Once a railroad in disuse, the High Line is now 1.45 miles of green running through three New York City neighborhoods. It’s also a blueprint for revitalization through existing infrastructure, and it wouldn’t exist without Friends of the High Line. Today, the nonprofit conservancy works with the NYC Department of Parks and Recreation to maintain the public space for New Yorkers and visitors, but from 1999 until 2007, it fought to keep the High Line from being torn down.
As of 2014, the High Line has attracted over 20 million visitors. Designers chose the greenway’s vegetation for its sustainability with a focus on species native to Manhattan. Its railroad tracks are still there, integrated into the planting beds.
Opened in 1934, the West Side Line existed under threat of demolition since the 1960s. Established in 1999, Friends of the High Line rallied people in support of its cause while navigating the complexities of zoning laws, economic studies, fundraising, and more. In a book co-authored by founders Joshua David and Robert Hammond, Hammond jokes that someone had nicknamed the fledgling nonprofit “two guys and a logo.”

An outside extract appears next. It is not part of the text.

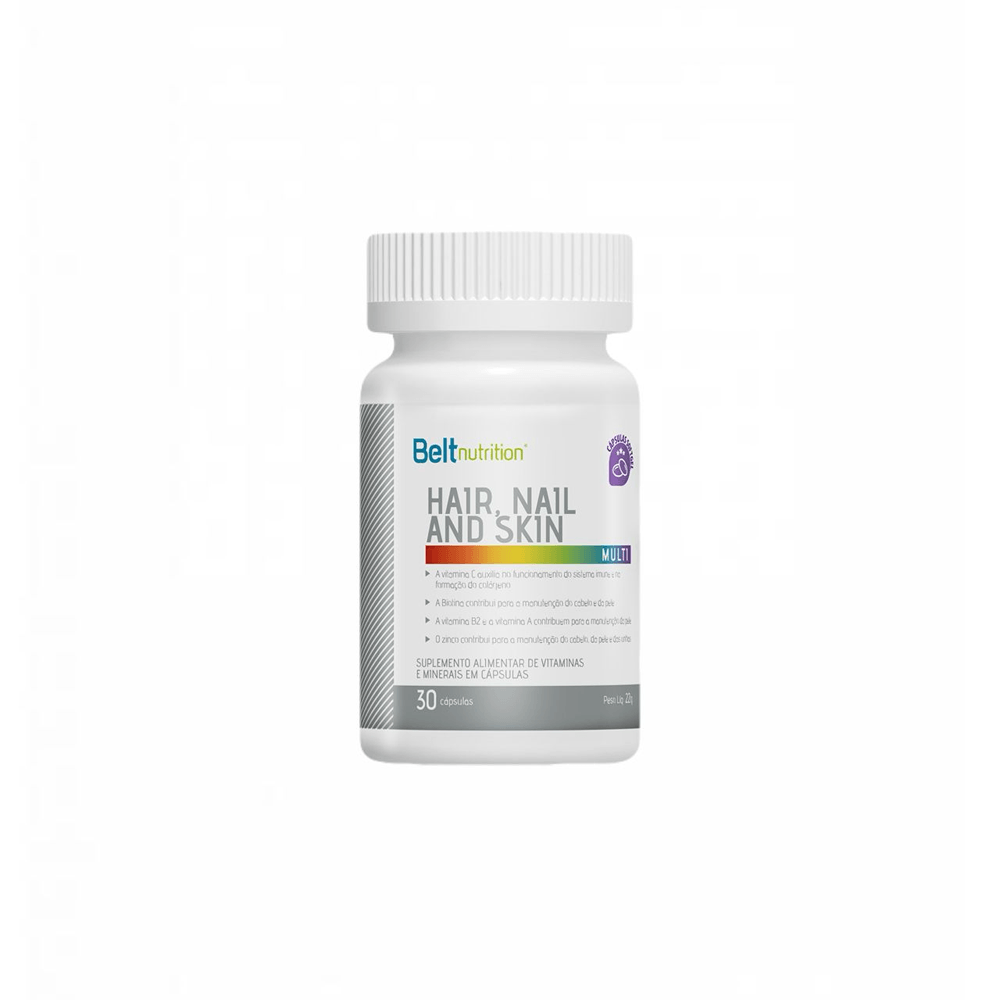 Belt Hair Nail And Skin Plus 30 Cápsulas Gelatinosas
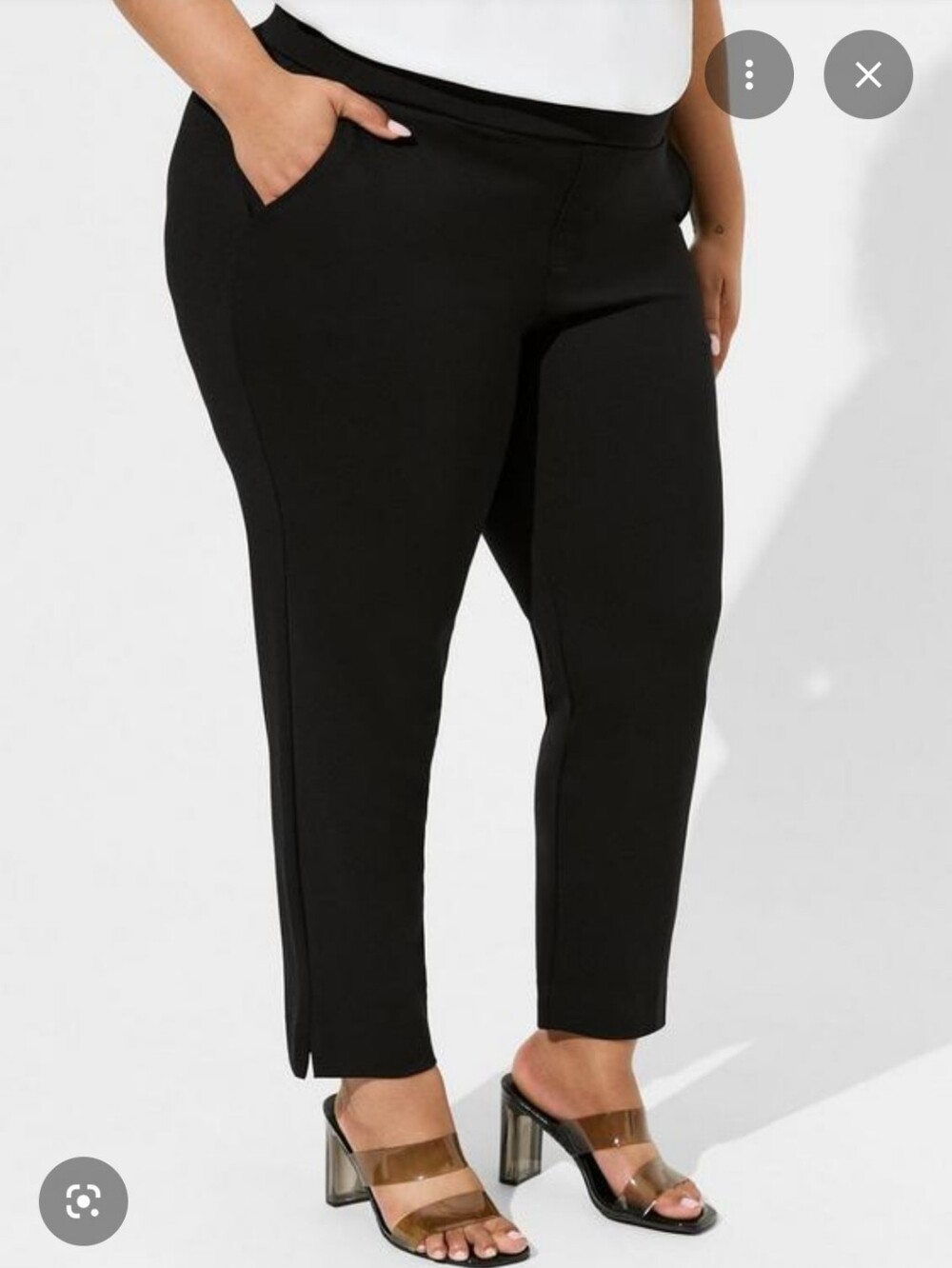 torrid Black Pleated Tapered Dress Pants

At the time, CSX Transportation owned the High Line and gave Joel Sternfeld, a nature photographer, permission to document the structure. Friends of the High Line used those pictures at public meetings to impress upon others the structure’s accidental, natural beauty. If you had managed to find yourself on its tracks at that time, you’d have found them covered in weeds, some as tall as trees. Below, many had no idea of the wild beauty above them. Mayor Rudolph Giuliani signed an agreement with CSX Transportation to demolish the High Line at the end of his term in December 2001, but his successor Michael Bloomberg supported Friends of the High Line while running for office. In the forward to the nonprofit’s joint study with Design Trust for Public Space, Bloomberg wrote, “New York City would be unlivable without its parks, trees, and open spaces. They provide aesthetic relief, enhance our health, add to our enjoyment, and increase property values.”
By 2005, the project had survived proposals for a football stadium and raised millions of dollars. It also found a design solution inspired by the natural wildlife that had once grown there. Since renovation began, 1,374 new housing units (132 are classified as affordable units) and roughly 500,000 sq. ft. of commercial office space have been constructed along the High Line. By 2029, according to one estimate, the High Line will bring the city $900 million in revenue.
Friends of the High Line has inspired cities across the globe to take similar journeys by reclaiming infrastructure and transforming it into public space, including Philadelphia, Toronto, and Mexico City.